Tutti i problemi dei condoni
In base ai dati forniti dall’Agenzia delle Entrate, i governi italiani hanno incassato circa 53,8 miliardi di euro con i condoni fiscali e le sanatorie dal 2000 a oggi. Le cifre coinvolte sono stimate però essere almeno cinque volte più grandi in termini di debiti su cui il condono dello Stato si è reso operativo. E questo impone delle serie riflessioni sull’utilità di queste misure.
Uno dei principali problemi dei condoni fiscali è che scoraggiano l’assolvimento degli obblighi fiscali. I contribuenti sanno che, in futuro, potranno sempre beneficiare di un condono, quindi non hanno alcun incentivo a pagare le tasse in modo regolare. Questo comportamento, nel lungo periodo, può portare ad una riduzione delle entrate fiscali e ad un aumento dell’evasione.
Un altro problema dei condoni fiscali è che favoriscono l’utilizzo di prestanome. I contribuenti che non vogliono pagare le tasse possono utilizzare prestanome per nascondere i propri redditi occulti. In questo modo, possono beneficiare del condono fiscale senza incorrere in alcun rischio.

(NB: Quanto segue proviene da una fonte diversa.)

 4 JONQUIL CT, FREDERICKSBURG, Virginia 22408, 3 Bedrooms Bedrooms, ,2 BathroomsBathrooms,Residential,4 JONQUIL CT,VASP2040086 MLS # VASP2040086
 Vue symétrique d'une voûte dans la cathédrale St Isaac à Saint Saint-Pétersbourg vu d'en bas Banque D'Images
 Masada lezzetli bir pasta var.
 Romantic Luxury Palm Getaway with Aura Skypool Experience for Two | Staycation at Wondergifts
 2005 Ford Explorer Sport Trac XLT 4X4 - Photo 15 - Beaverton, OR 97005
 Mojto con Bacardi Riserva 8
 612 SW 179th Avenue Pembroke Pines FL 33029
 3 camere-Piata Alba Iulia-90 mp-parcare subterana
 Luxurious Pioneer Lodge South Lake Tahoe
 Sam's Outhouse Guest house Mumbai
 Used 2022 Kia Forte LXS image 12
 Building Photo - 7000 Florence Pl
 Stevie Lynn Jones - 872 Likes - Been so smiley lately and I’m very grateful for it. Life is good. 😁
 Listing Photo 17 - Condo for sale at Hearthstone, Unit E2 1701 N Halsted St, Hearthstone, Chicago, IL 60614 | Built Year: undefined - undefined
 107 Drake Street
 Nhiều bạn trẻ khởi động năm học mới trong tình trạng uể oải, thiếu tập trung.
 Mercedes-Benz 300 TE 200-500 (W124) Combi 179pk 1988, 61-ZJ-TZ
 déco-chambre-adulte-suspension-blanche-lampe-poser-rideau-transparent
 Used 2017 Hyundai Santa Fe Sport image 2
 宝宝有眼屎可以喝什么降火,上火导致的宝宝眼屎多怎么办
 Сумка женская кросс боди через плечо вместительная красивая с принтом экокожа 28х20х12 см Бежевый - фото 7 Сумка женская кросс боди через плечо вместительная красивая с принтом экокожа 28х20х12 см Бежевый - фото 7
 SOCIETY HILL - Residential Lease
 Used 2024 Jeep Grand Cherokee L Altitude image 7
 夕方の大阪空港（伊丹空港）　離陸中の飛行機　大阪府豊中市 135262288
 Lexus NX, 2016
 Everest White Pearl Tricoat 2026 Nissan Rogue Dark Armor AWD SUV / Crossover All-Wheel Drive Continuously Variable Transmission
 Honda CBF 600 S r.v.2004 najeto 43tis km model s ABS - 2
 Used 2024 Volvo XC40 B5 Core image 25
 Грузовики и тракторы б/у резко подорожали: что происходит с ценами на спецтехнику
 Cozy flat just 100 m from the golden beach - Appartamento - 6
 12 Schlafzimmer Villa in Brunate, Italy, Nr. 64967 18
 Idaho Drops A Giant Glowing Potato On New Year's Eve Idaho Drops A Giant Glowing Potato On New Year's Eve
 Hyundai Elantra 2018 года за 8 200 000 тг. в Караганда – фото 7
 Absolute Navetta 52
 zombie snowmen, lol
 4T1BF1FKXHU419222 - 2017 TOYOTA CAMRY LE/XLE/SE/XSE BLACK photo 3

Infine, i condoni fiscali possono danneggiare la credibilità dello Stato. I contribuenti che pagano le tasse in modo regolare si sentono defraudati quando vedono che i trasgressori vengono perdonati. Questo può portare ad una perdita di fiducia nel sistema fiscale e ad un aumento dell’illegalità.
Una misura straordinaria diventa ordinaria. Ed è un male
Difendere i cittadini più deboli e in difficoltà dalle fragilità che un eccessivo onere debitorio pregresso in condizioni di insolvibilità può far emergere è un conto. Condoni generalizzati legati alla difesa di privilegi di vario tipo e all’emersione di sommersi concentrati nelle parti alte della distribuzione del reddito sono antieconomici, anticoncorrenziali e nemici dello sviluppo.
Lo storico e sociologo Alessandro Volpi, a tal proposito, ha scritto su AltraEconomia che è fallace l’idea di fondo che spesso giustifica i condoni. Quella, cioè, di un fisco irrimediabilmente nemico dei cittadini: a fronte di 1.110 miliardi di euro di crediti non riscossi dall’ente tributario centrale, “la stessa Agenzia stima che solo 110 miliardi circa siano realmente esigibili e le ultime rottamazioni ne hanno già cancellati oltre 40. In pratica di 1.000 miliardi di euro da riscuotere ne restano una sessantina. Non mi sembra perciò che nel nostro Paese ci sia stata mai una “guerra” contro chi non paga, anzi direi che esiste da tempo una pace perpetua”. La pace dei condoni, con buona pace dei furbi.